EXERCISE REQUIREMENTS: A verbatim repeat of the lines below is required, with the pictures removed.

COLLECTED DATA:
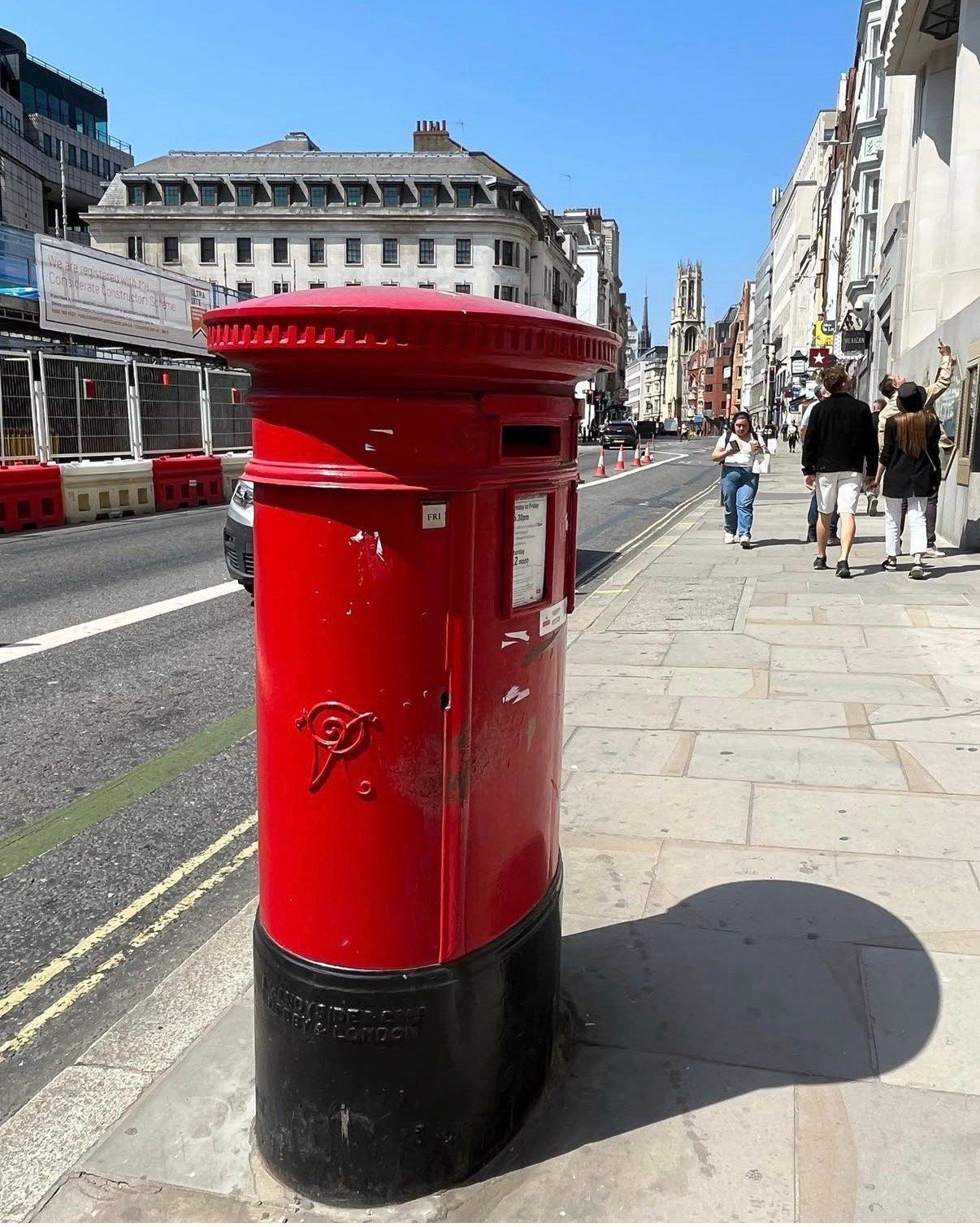 Fleet Street, City of London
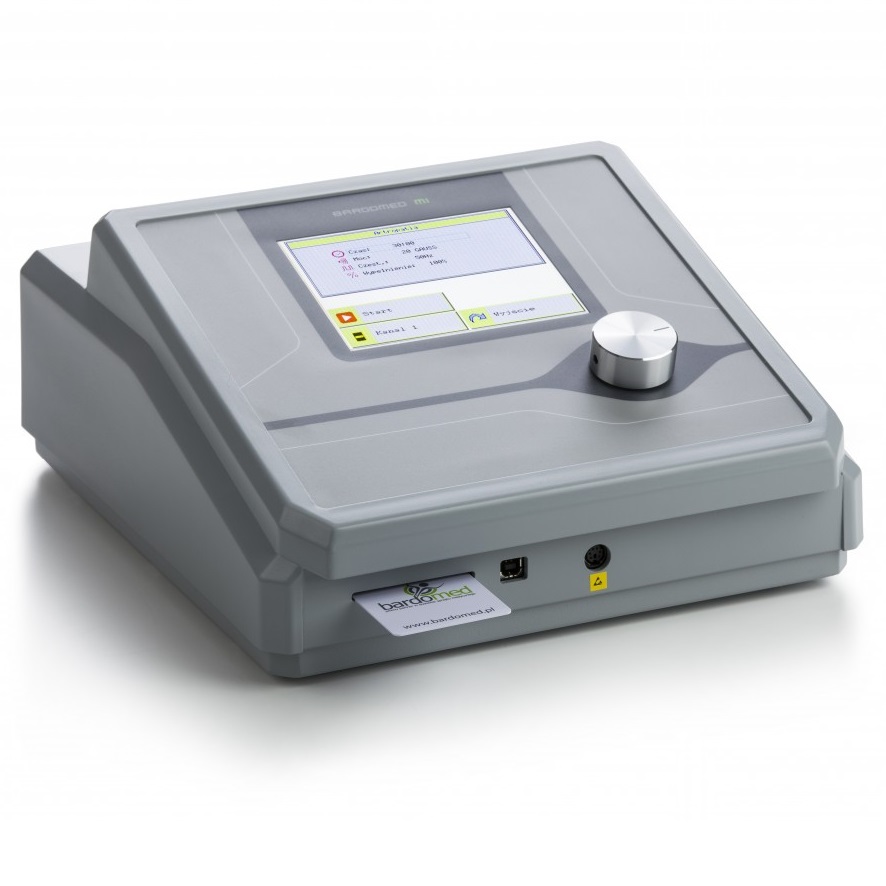 Aparaty do magnetoterapii Bardomed M1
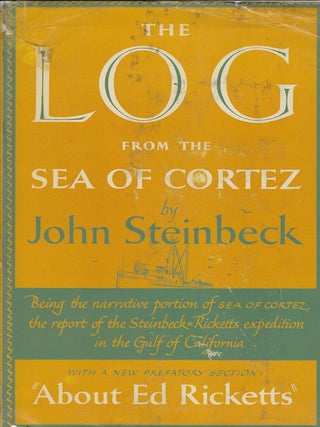 THE LOG FROM THE SEA OF CORTEZ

SOLUTION TO THE EXERCISE:
 Fleet Street, City of London
 Aparaty do magnetoterapii Bardomed M1
 THE LOG FROM THE SEA OF CORTEZ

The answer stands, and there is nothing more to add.